2007: Ndigbo’s Lack-Luster Clamor For The Presidency

by Abiodun Ladepo

In 1991, while “surfing” the cable network in my living room in Baltimore, Maryland, USA, I happened onto a rare TV documentary on the Nigerian civil war. I refer to the film as “rare” because until then, I had never seen anything on video that recorded any aspect of the civil war. This is not to say that there is none. But I had never, (and still have never) seen another film – an actual footage – of the war.

A few years later (1999), when the genocide in Kosovo got to a head and I had to go there and see the carnage for myself, I began to connect the dots between the Nigerian civil war footage that I saw and the plights of the Kosovars that were being ethnically cleansed from the old Yugoslavia. But what brought the picture closer home for me was the Rwandan genocide, where the victims were black, like the Igbo people of Nigeria.

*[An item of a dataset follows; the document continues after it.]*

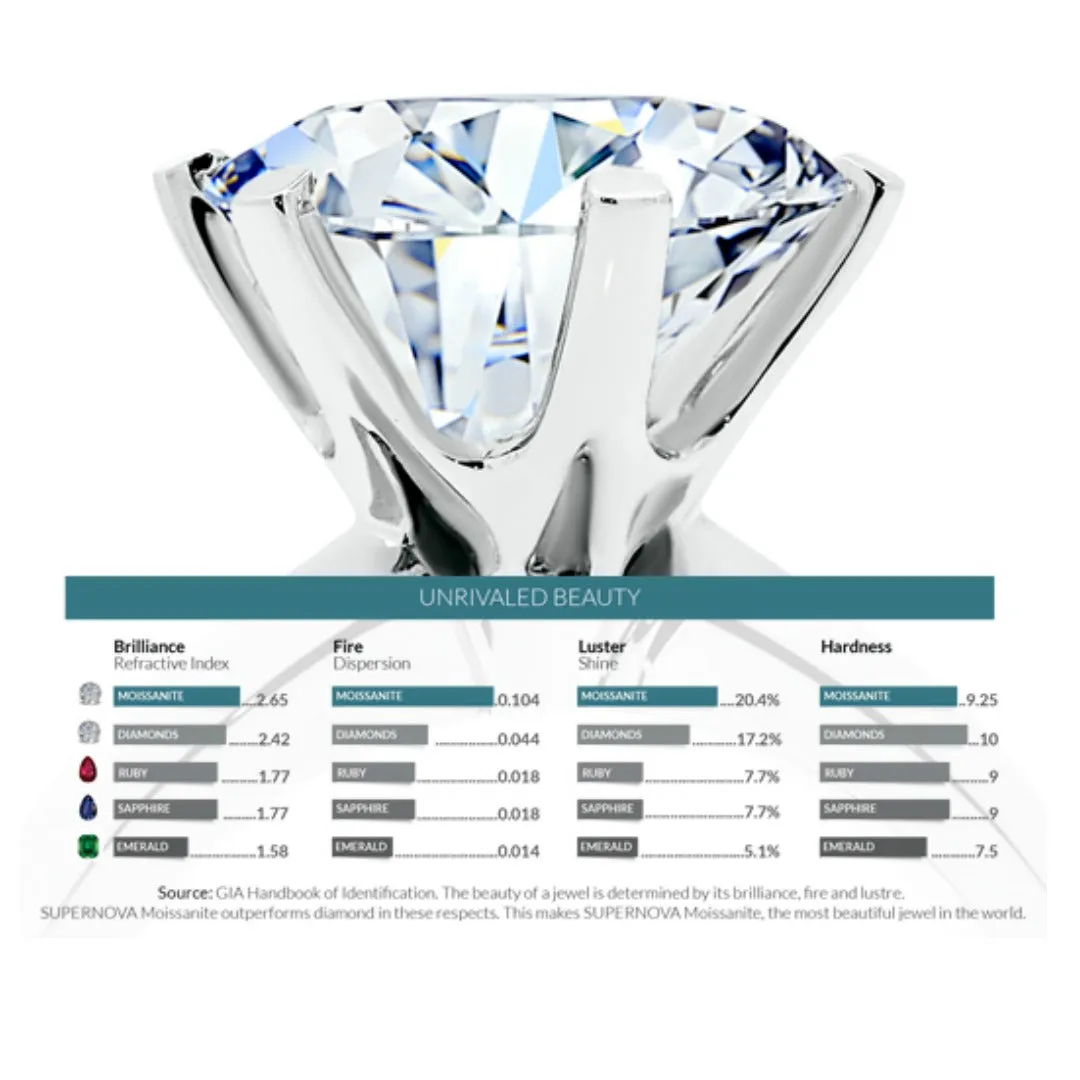 Supernova™ Moissanite - Radiant Cut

Prior to watching that documentary, I never could understand the anger (sometimes concealed and sometimes very obvious) of many of my Igbo friends, at the rest of Nigeria, and particularly at the Yoruba people, of which extraction I belong. We would engage each other in interminable debates about how the Igbos were marginalized (their position), and how they had equal opportunities as any other ethnic group in Nigeria (my position).

But after seeing the documentary, I “wised” up rather quickly. At the unintended risk of whipping up old sentiments, I must describe some of the gory scenes in the film.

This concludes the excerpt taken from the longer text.